Pictures aside, copy exactly the lines running from the one with "Armenian Apocrypha from Adam to Daniel" to the end of the records.

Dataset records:

☆ ☆ ☆ ☆ ☆ ☆ ☆

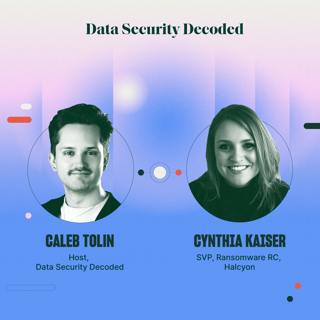 The Terrorist Designation: A New Red Line for Ransomware with Cynthia Kaiser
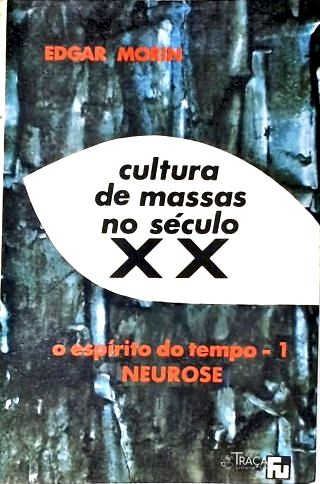 Cultura De Massas No Século XX: O Espírito Do Tempo - Vol. 1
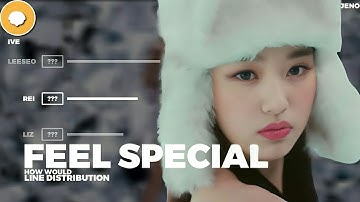 [NEW YEAR SPECIAL] How would ive sing "FEEL SPECIAL" by twice ///how would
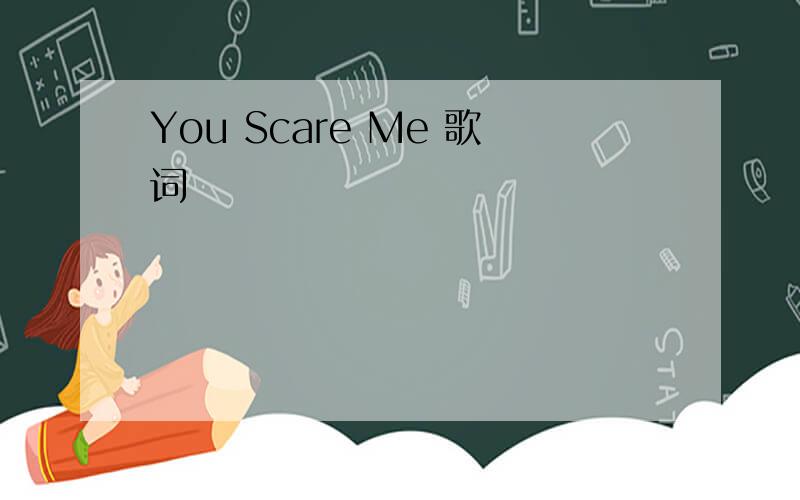 You Scare Me 歌词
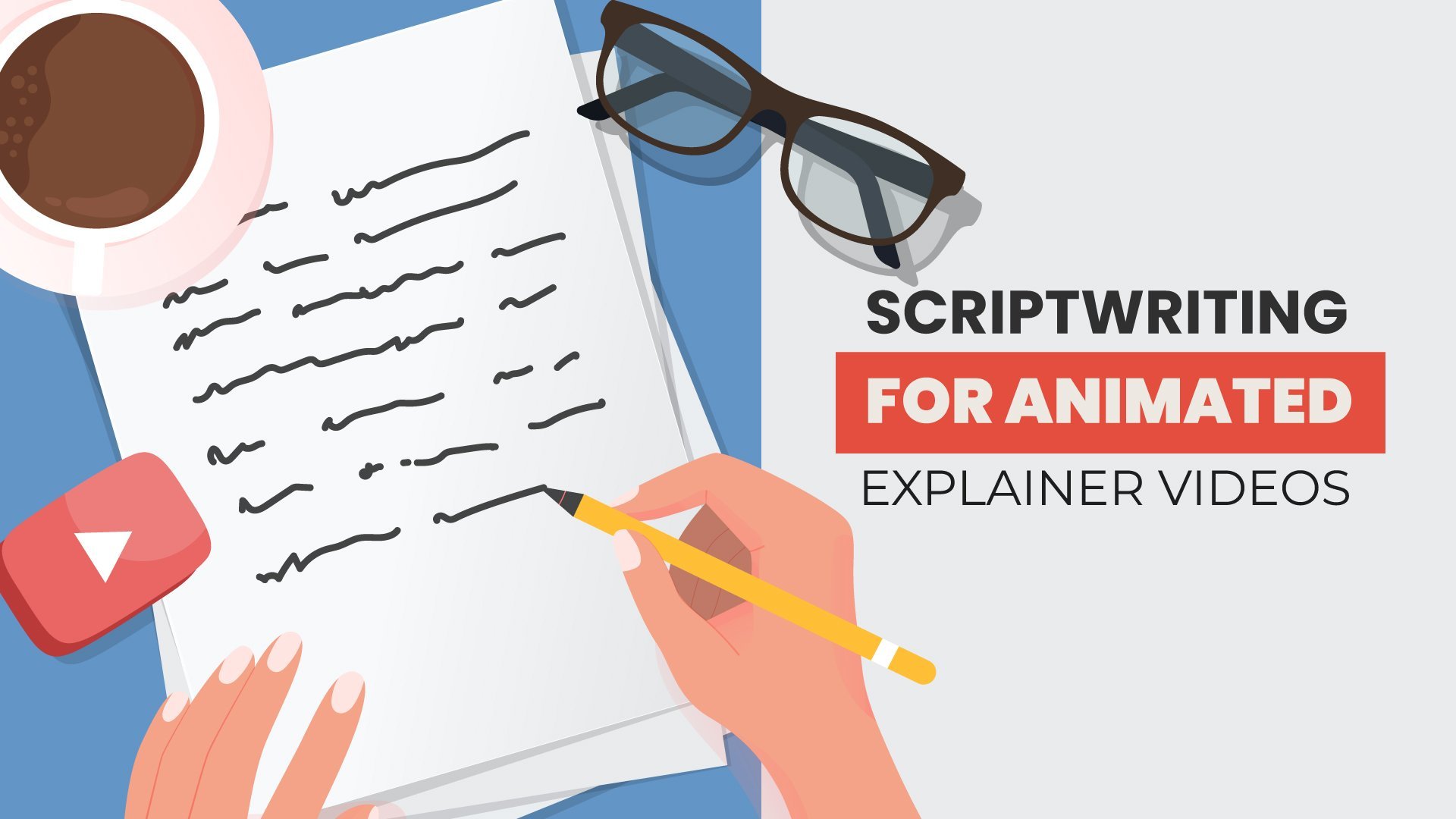 Professional ScriptWriting for Animated Explainer Videos & Motion Graphics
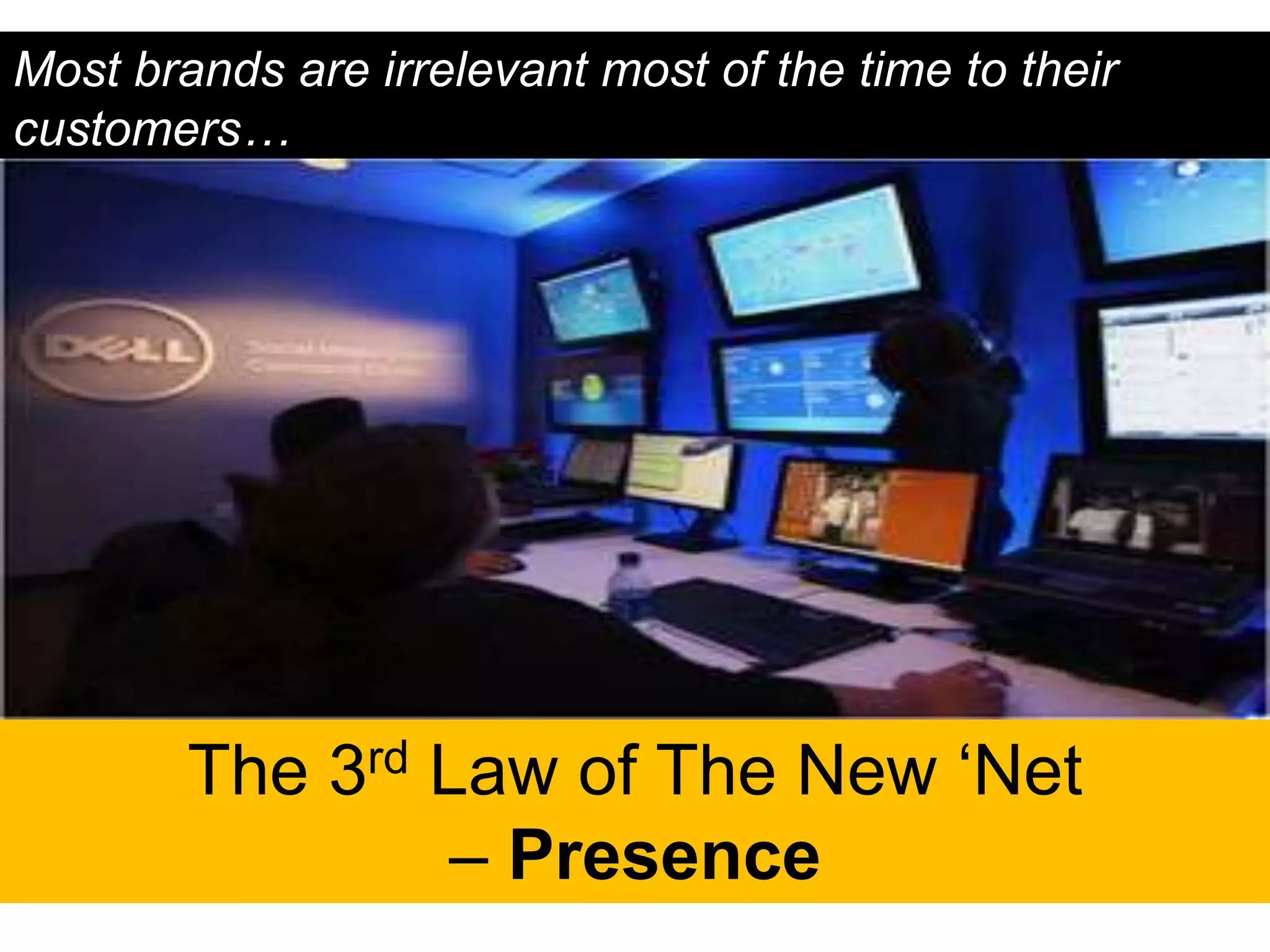 Most brands are irrelevant most of the time to their
customers…




        The 3rd Law of The New „Net
                 – Presence
 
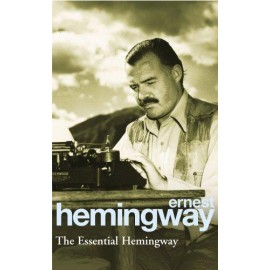 The Essential Hemingway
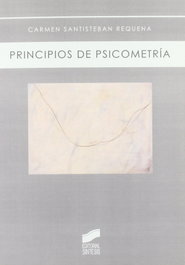 PRINCIPIOS DE PSICOMETRÍA, Carmen Santisteban - SINTESIS EDITORIAL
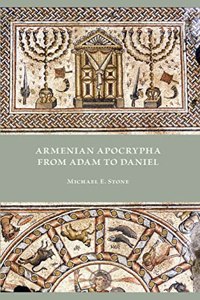 Armenian Apocrypha from Adam to Daniel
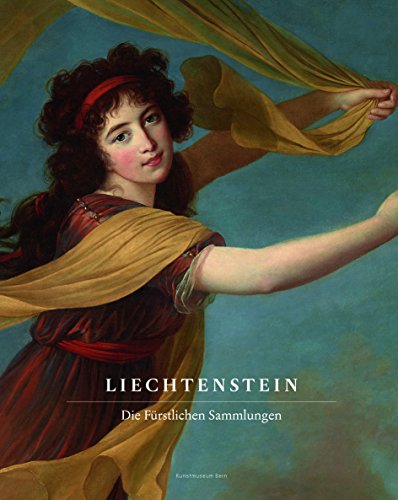 Liechtenstein: Die Fürstlichen Sammlungen von Hirmer Verlag GmbH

☆ ☆ ☆ ☆ ☆ ☆ ☆

* _REPLY_
 Armenian Apocrypha from Adam to Daniel
 Liechtenstein: Die Fürstlichen Sammlungen von Hirmer Verlag GmbH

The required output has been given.